WHAT IS EXPECTED: From the first line to the last, print the material exactly, skipping the pictures.

*** DATA BLOCK Section Begins ***

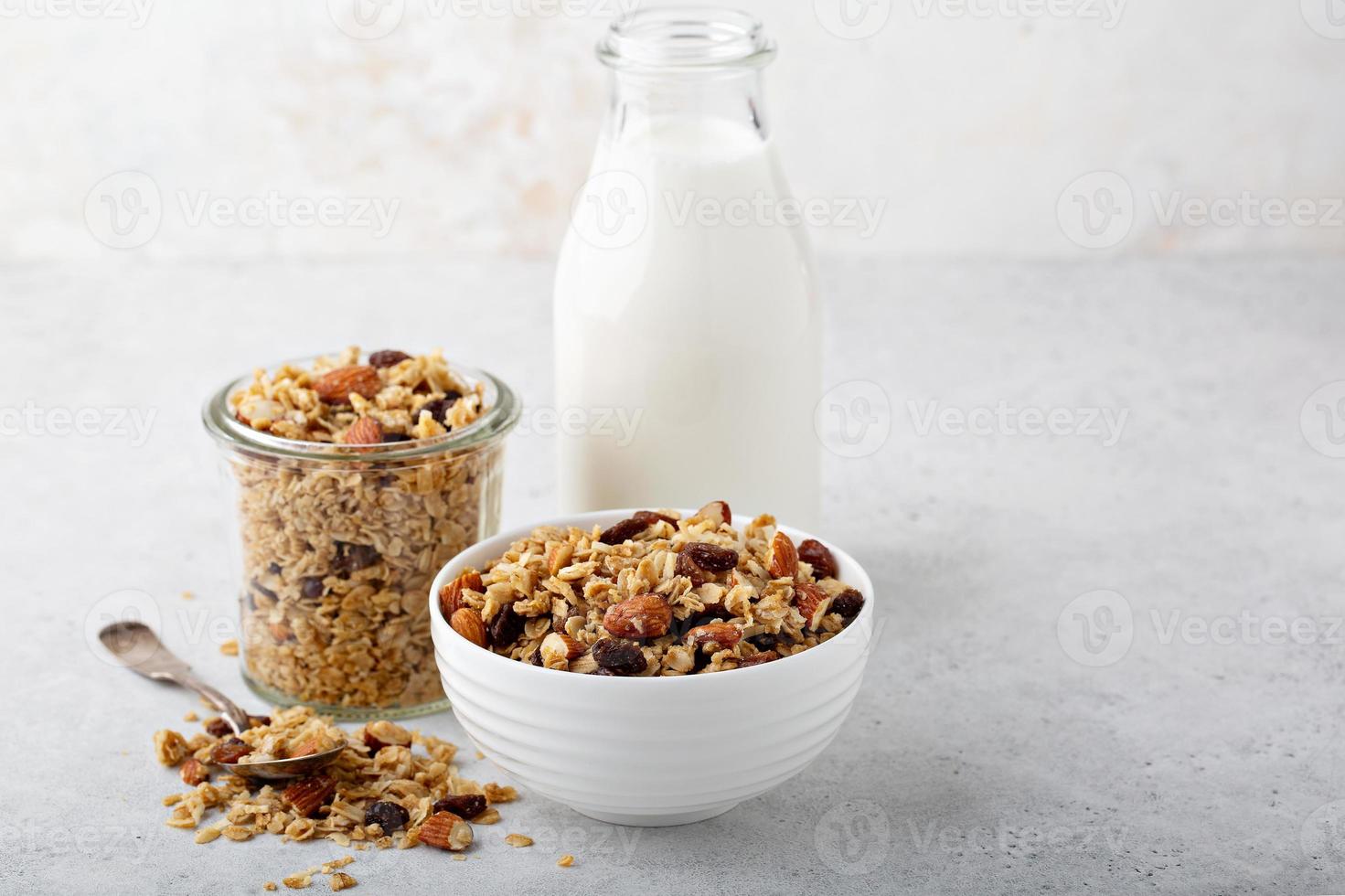 eigengemaakt muesli met kokosnoot en amandelen foto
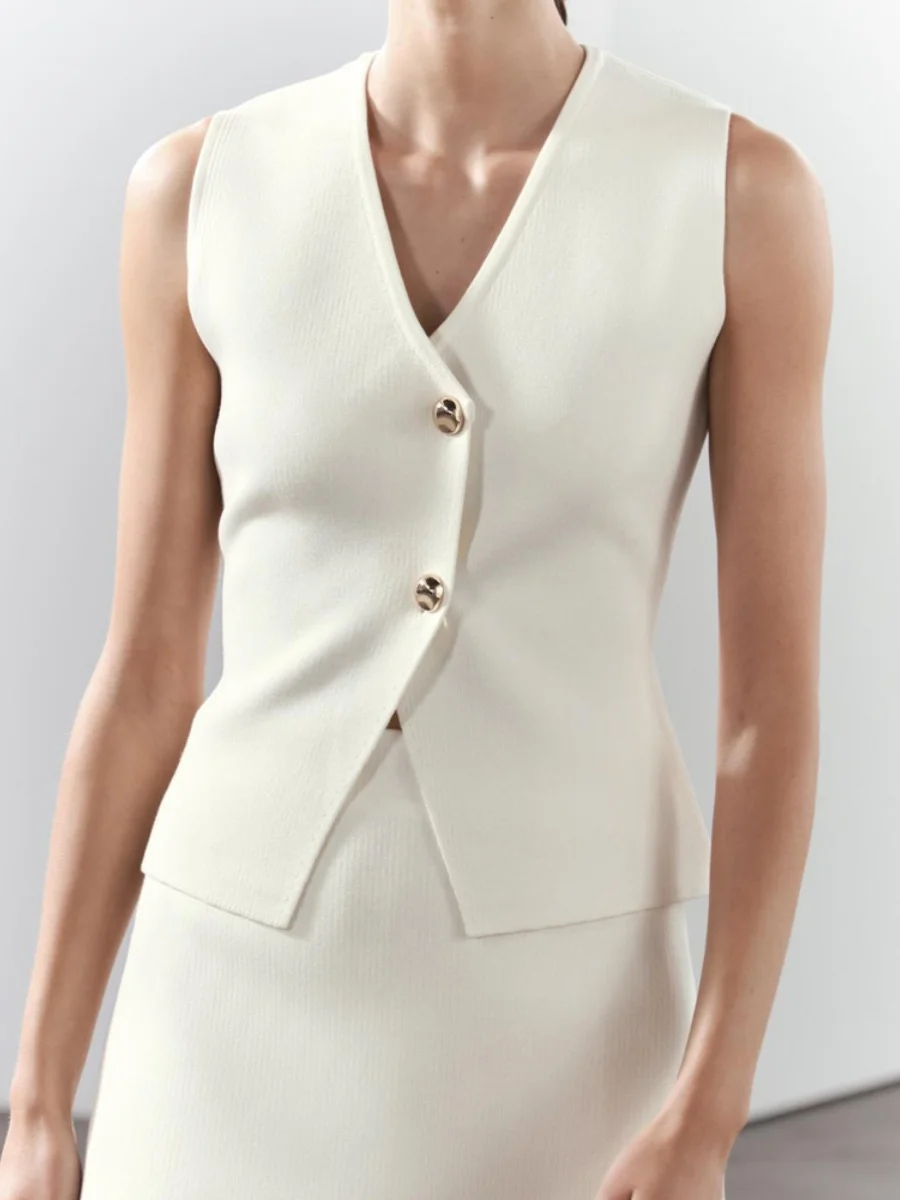 

Faionable Women's Knitted Vest-Sle Svel Top with Golden Buttons New Arrival Summer 2024 Ethnic Stage Costume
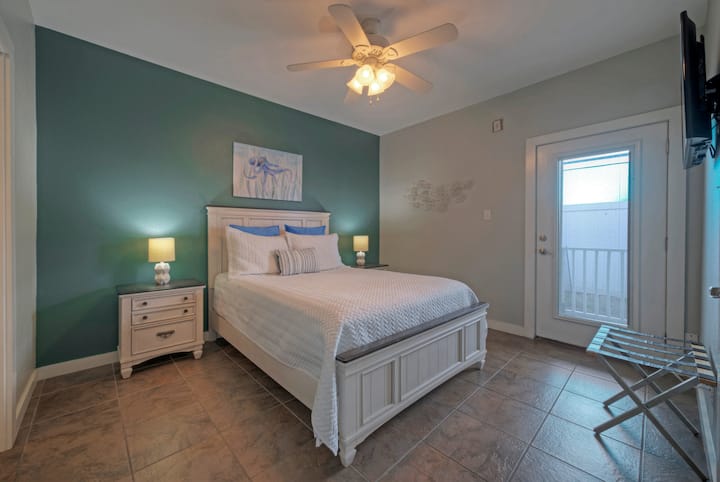 El dormitorio 2 cuenta con una cama tamaño queen, TV y un baño privado.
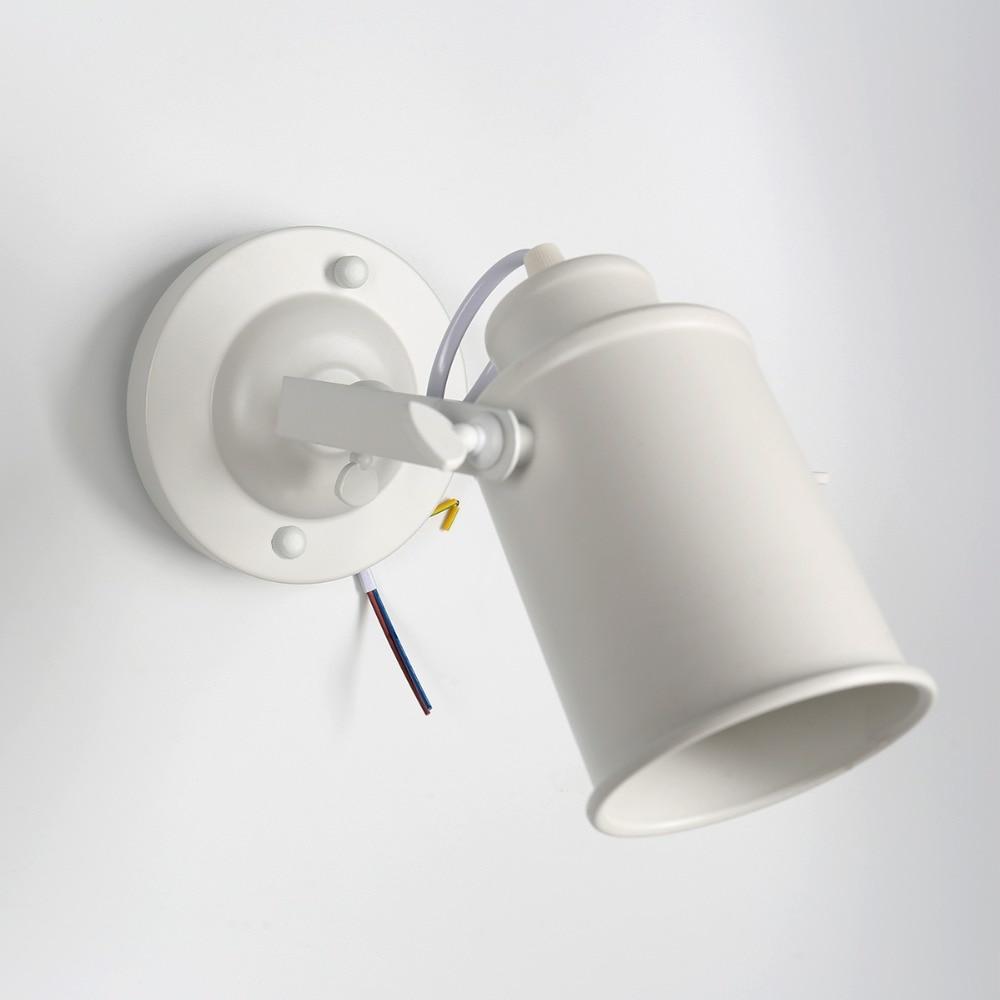 Aspen – Adjustable Matte Metal Bedside Wall Light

*** DATA BLOCK Section Ends ***

EXERCISE SOLUTION:
 eigengemaakt muesli met kokosnoot en amandelen foto

Faionable Women's Knitted Vest-Sle Svel Top with Golden Buttons New Arrival Summer 2024 Ethnic Stage Costume
 El dormitorio 2 cuenta con una cama tamaño queen, TV y un baño privado.
 Aspen – Adjustable Matte Metal Bedside Wall Light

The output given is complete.